## TRY IT
Skip the pictures. Output only the lines below starting at the line with "Sanrio Christmas Hello" and ending at the line with "Luxor Stainless Steel 3 Shelf Cart", both ends included, exactly as they are.

## SOURCE DATA
● ● ● ● ● ● ●

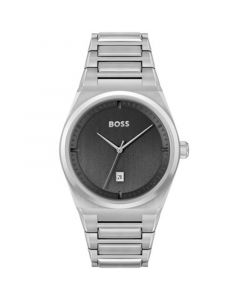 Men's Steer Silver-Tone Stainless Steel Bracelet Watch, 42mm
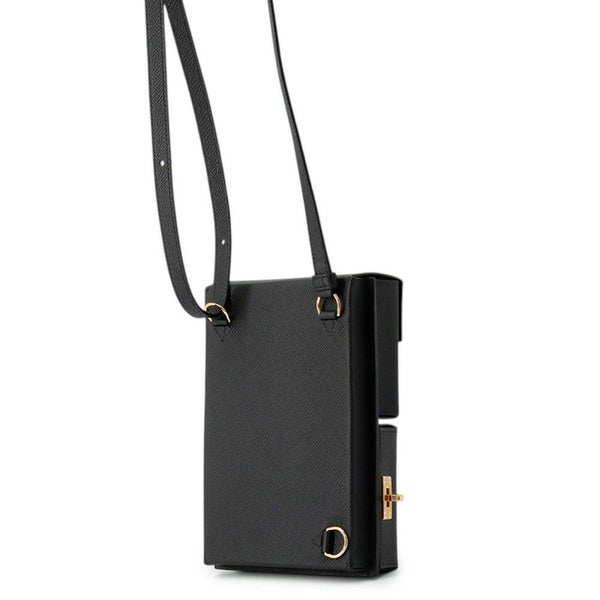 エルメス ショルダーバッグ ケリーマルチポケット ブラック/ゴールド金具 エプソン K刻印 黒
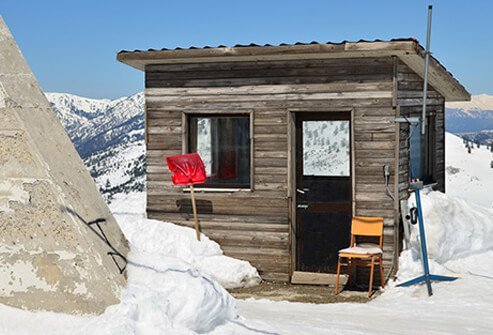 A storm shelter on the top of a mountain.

● ● ● ● ● ● ●

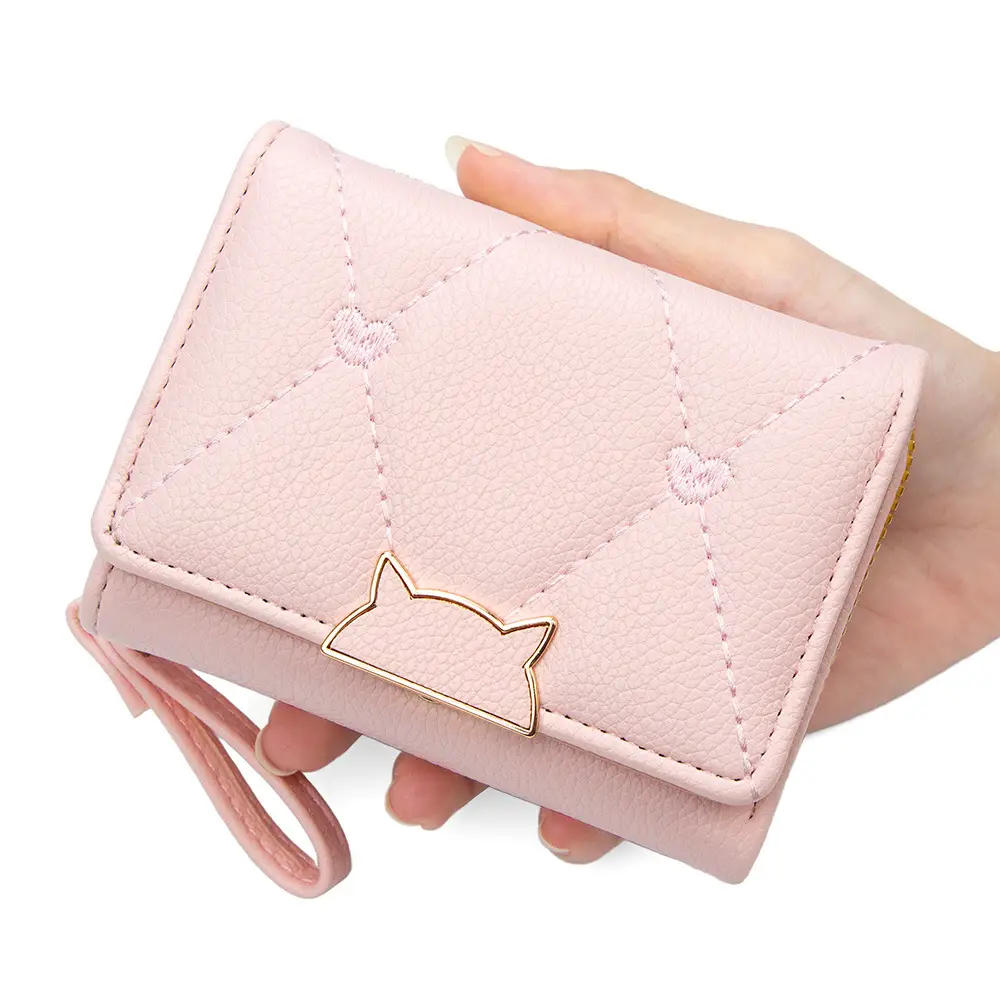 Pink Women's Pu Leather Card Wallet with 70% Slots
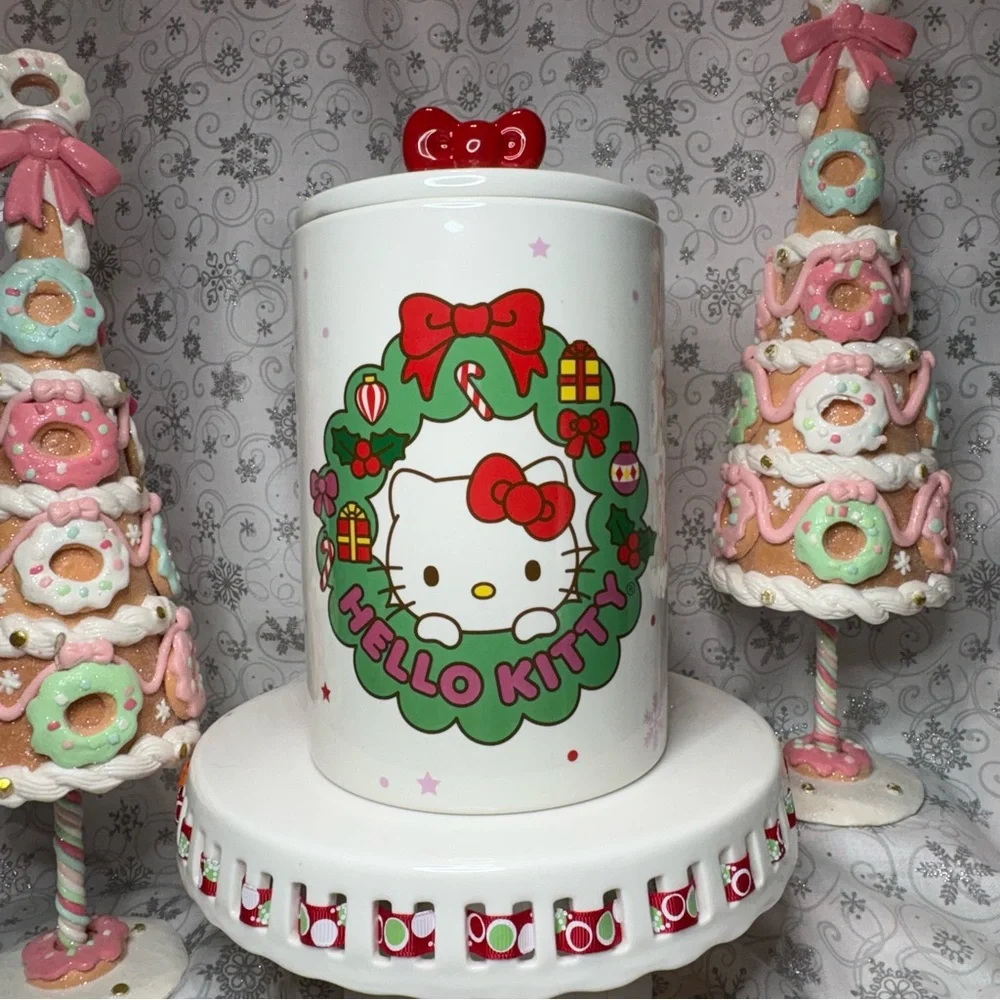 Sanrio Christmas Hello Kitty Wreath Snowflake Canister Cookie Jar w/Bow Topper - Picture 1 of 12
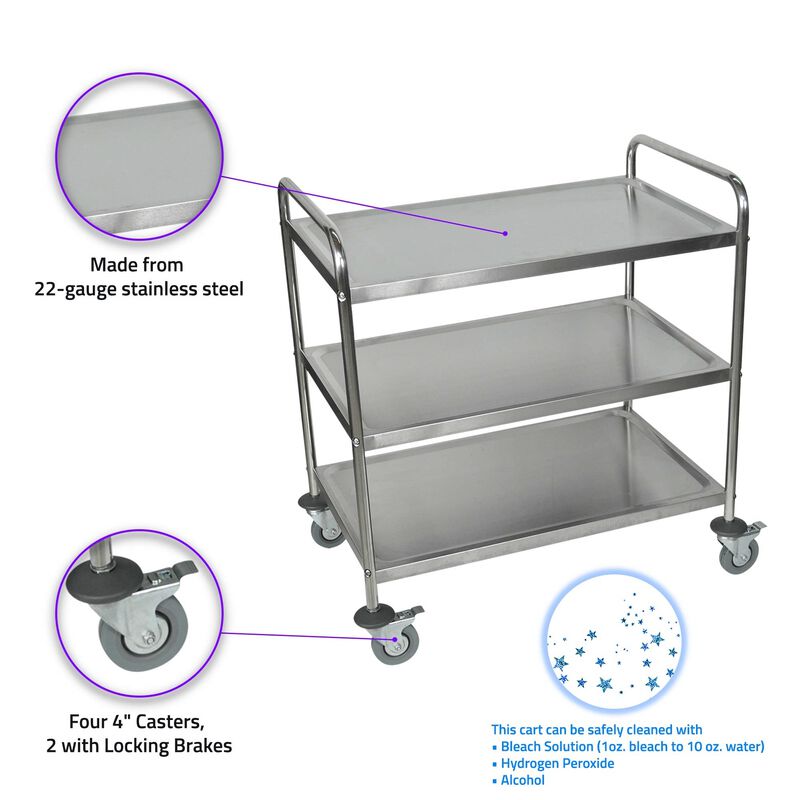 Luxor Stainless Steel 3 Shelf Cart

● ● ● ● ● ● ●

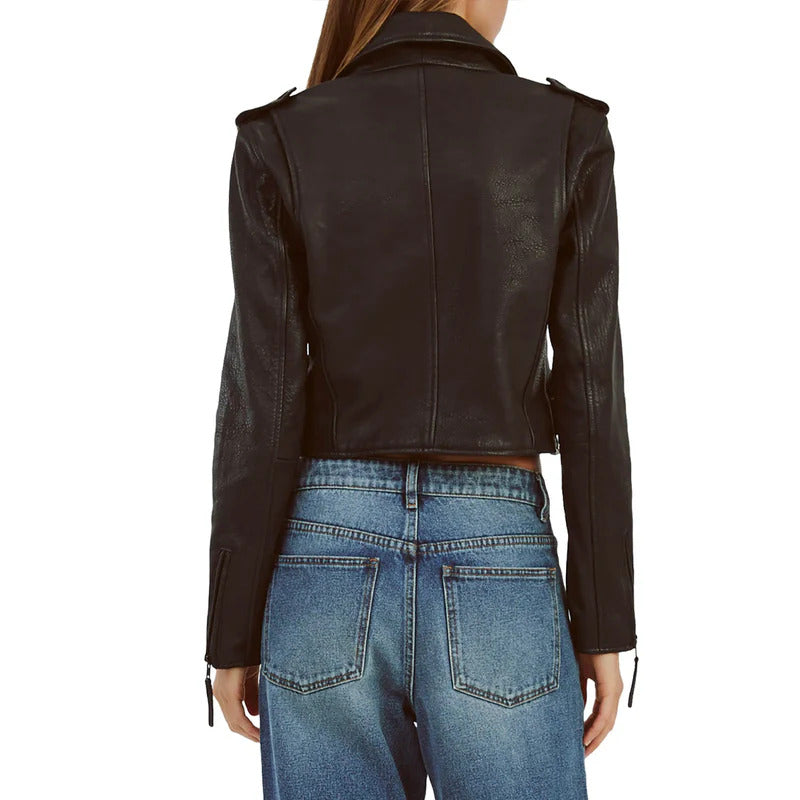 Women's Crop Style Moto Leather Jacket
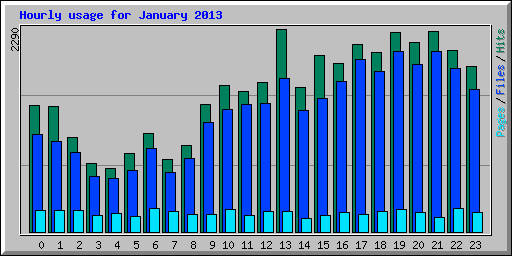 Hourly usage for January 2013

● ● ● ● ● ● ●

## ANSWER TO THIS TASK
 Sanrio Christmas Hello Kitty Wreath Snowflake Canister Cookie Jar w/Bow Topper - Picture 1 of 12
 Luxor Stainless Steel 3 Shelf Cart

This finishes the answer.